Central Drugs Standard Control Organization (CDSCO) Source 

  • Central Drug Authority for discharging functions assigned under the Drugs and Cosmetics Act 
  • The CDSCO works in the Directorate General of Health services, is a division in Ministry of Health and Family welfare 
  • The CDSCO is headed by Drug Controller General of India (DCGI). 
  • It was advised by Drug Technical Advisory Board and Drug Consultative Committe 

 

Potential lead for enormous growth of Pharma Sector: 

  • The growing population of over a billion along with diversity among people offers An excellent centre for clinical trials 
  • Focus on low cost, efficient drugs lead to growth of the sector in terms oValue and Volume 
  • Low cost of production and Low R&D costs in India 
  • huge patient base from domestic and from foreign as a medical tourist 
  • Improving healthcare infrastructure in India 
  • An increase in lifestyle-related diseases such as diabetes, cardiovascular diseases, and central nervous system. 
  • Penetration of health insurance is increased 
  • Adoption of patented products by Indian Pharma Sector. 
  • Patent expiration and aging population in the US, Europe, and Japan. 

Challenges in the Pharma Sector: 

  • From regulator side 
    • Doing a post-mortem kind of work by inspecting the drugs after getting into market 
    • Low data collection on drugs coupled with insufficient training to drug inspector leading to huge malpractice among drug sellers  
  • From Marketing side 
    • Medical representatives and drug sellers inefficient training to meet the man power along with prevalence of Quack(fake doctor) increases risk of life of patients 
    • Pharma companies unethical pratice of providing freebies and gifts to Doctors to promote their drugs 
  • Quality is getting compromised due to high demand for drugs among people. This is evident by wide scale recall of drugs in India. 
  • Low R&D investment: India only invests 0.7% of its GDP for research and investment.
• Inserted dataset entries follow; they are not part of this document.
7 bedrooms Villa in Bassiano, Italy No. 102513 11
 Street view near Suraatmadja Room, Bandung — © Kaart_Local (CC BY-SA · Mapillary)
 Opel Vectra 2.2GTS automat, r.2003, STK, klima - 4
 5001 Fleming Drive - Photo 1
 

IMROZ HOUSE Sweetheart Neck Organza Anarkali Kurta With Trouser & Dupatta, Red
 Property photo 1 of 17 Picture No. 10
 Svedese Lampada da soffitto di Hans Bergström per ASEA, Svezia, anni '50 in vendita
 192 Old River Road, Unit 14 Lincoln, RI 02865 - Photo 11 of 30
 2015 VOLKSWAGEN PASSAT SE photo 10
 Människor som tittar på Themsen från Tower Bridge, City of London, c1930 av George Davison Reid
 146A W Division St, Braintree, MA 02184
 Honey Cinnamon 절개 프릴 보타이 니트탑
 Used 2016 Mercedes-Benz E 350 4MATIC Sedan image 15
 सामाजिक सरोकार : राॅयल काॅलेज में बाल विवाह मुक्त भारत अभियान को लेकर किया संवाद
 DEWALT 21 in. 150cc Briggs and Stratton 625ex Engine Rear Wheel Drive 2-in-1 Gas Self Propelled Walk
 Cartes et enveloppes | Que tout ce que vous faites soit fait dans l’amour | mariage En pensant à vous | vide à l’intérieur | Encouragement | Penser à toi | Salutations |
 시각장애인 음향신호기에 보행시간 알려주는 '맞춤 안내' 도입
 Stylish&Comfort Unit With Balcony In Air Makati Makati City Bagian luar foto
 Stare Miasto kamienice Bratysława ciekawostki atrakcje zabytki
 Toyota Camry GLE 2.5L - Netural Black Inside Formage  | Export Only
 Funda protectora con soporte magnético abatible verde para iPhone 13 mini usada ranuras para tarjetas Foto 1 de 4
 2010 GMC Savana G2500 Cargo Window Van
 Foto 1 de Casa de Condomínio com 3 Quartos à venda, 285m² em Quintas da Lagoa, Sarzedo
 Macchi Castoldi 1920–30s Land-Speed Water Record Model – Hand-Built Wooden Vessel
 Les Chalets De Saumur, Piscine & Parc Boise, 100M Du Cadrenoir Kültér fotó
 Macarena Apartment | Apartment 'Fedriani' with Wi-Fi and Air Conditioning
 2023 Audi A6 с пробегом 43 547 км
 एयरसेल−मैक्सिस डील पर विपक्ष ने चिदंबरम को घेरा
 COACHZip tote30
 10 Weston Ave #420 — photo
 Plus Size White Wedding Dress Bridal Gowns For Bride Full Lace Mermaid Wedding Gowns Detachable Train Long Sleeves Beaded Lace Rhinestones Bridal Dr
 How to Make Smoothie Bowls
This is very low compare to the demand in the sector 
  • International Challenges 
    • Global Pharma companies accuse Indian pharma companies as an abuser of Patent laws and criticise India’s Compulsory Licensing Policies. 
    • India nearly 90% depend on China for its Active Pharmaceutical Ingredients 

Solutions: 

  • Implementing the recommendation of Malshekar committee on drug regulation 
    • Recommend a new structure for the Drug Regulatory System in the country including the setting up of a National Drug Authority 
    • Recommended that the State Drug Control Organisations should be urgently strengthened. (for source) 
  • Creating a Digital Database for patients, drug usage and risk associated with the intake of drug 
  • Revise the ethical code for Pharma companies to discontinue freebies and gifts 
  • Government need to Upgrade the quality standards and qualities of Medical representatives and drug sellers. 
  • Promote country specific research for R&D and increasing the R&D spending  
  • Rework with the IPR policies to make Indian Pharma companies for encouraging more patents. 
  • Government need to frame a National Plan on self-sustaining in API’s and avoid over dependence on China. 
  • Government need to frame a policy to Utilise the traditional Knowledge in drug manufacturing  

Though the sector is highly capital intensive, the sector developed into a global leader in Pharma products. Now It is time to implement better policies in regulation and encourage the sector to produce more API’s in India to avoid over dependence.